Edward Lear at Knowsley & ‘The Owl and the Pussy Cat’
13th Earl of Derby
Edward Lear (1812-88), who is most famous for his limericks and nonsense verse, was also a prolific landscape watercolourist, but he began his career as a zoological draughtsman of distinction. As a young man he spent much
of the period from 1831 to 1837 living and working at Knowsley under the patronage of Lord Stanley, later the 13th Earl of Derby. He painted extraordinary watercolours of the exotic animals in the menageries and aviaries in the Hall gardens, but also honed his skills as a humourist and caricaturist while entertaining the Earl’s grandchildren, when they were staying at the Hall. A few years later Lear decided that he wanted to travel for his health and become an accomplished landscape artist; the 13th Earl was among a small group of his family and friends who sponsored the young artist’s first long stay in Italy. During the following decades Lear remained in correspondence with the 14th and 15th Earls of Derby, both of whom commissioned oil paintings and collected landscape watercolours from the artist.
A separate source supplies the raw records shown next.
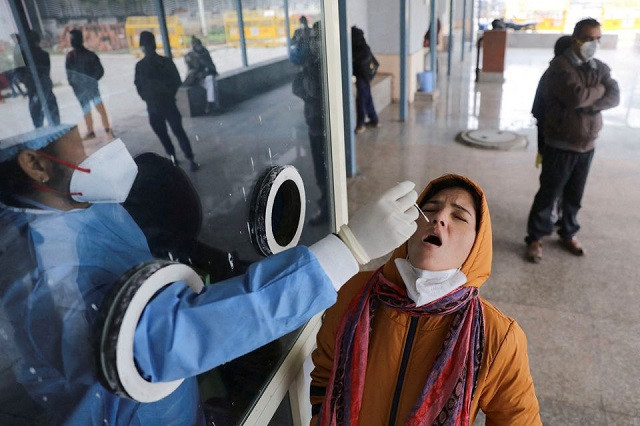 a healthcare worker collects a test swab sample from a woman amidst the spread of the coronavirus disease covid 19 at a testing centre inside a hospital in new delhi india january 14 2022 photo reuters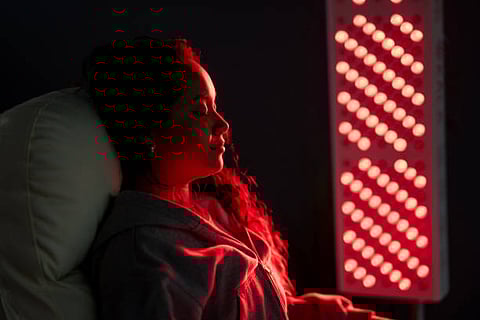 RLT exposes an individual’s body to low wavelength red light that pierces the skin cells and may enhance production of adenosine triphosphate production for cellular repair.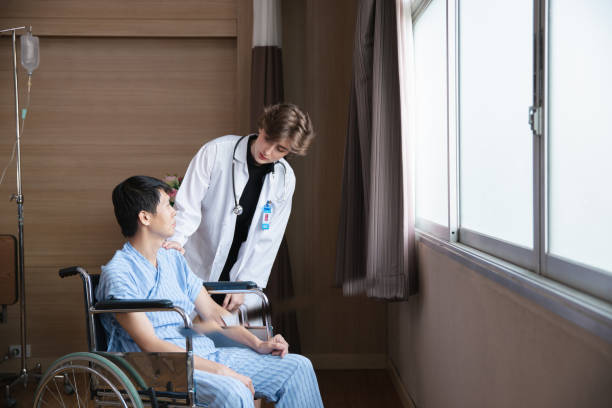Young woman doctor explaining information to man patient in wheelchair in medical face mask while talking together in hospital. Epidemic and virus concept Young woman doctor explaining information to man patient in wheelchair in medical face mask while talking together in hospital. Epidemic and virus concept physical therapy programs stock pictures, royalty-free photos & images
The Derby Collection at Knowsley Hall to this day holds the outstanding collection of Lear’s early natural history drawings and a highly significant group of his landscape watercolours, both sketches and finished compositions, that were made throughout the artist’s long later career.
The Spectacled Owl is one of the many watercolours
of the 13th Earl’s animals, painted by Edward Lear.